*YOUR TASK:*
Find the line containing "Other examples include" in the material below, then please transcribe it and each line after it exactly, without the pictures.

*SOURCE DATA:*
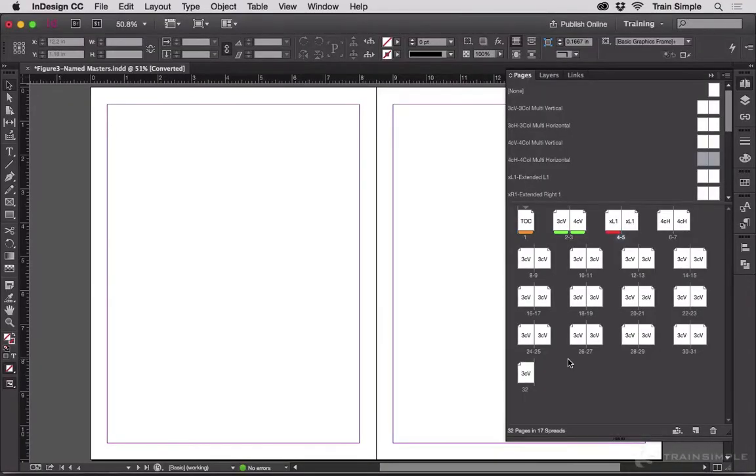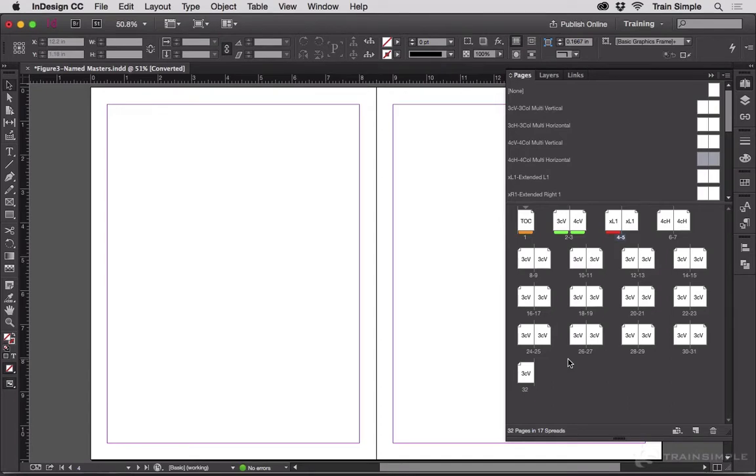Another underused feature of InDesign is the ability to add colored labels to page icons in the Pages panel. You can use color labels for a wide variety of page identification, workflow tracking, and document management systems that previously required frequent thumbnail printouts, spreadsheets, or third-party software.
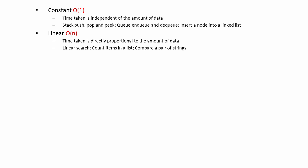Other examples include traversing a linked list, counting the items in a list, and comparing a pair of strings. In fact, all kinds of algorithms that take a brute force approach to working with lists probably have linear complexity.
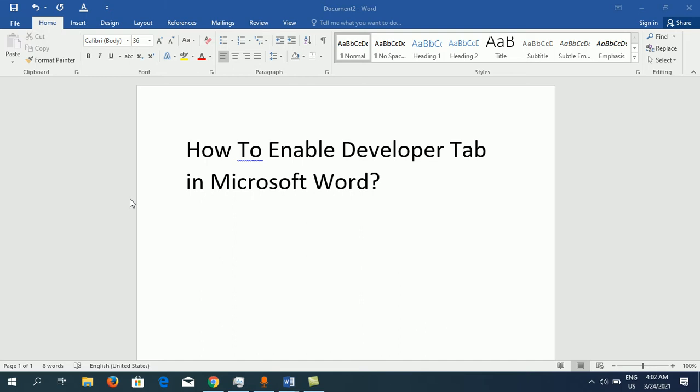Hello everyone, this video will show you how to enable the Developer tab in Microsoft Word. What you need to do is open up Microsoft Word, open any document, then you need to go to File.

*WRITTEN ANSWER:*
Other examples include traversing a linked list, counting the items in a list, and comparing a pair of strings. In fact, all kinds of algorithms that take a brute force approach to working with lists probably have linear complexity.
Hello everyone, this video will show you how to enable the Developer tab in Microsoft Word. What you need to do is open up Microsoft Word, open any document, then you need to go to File.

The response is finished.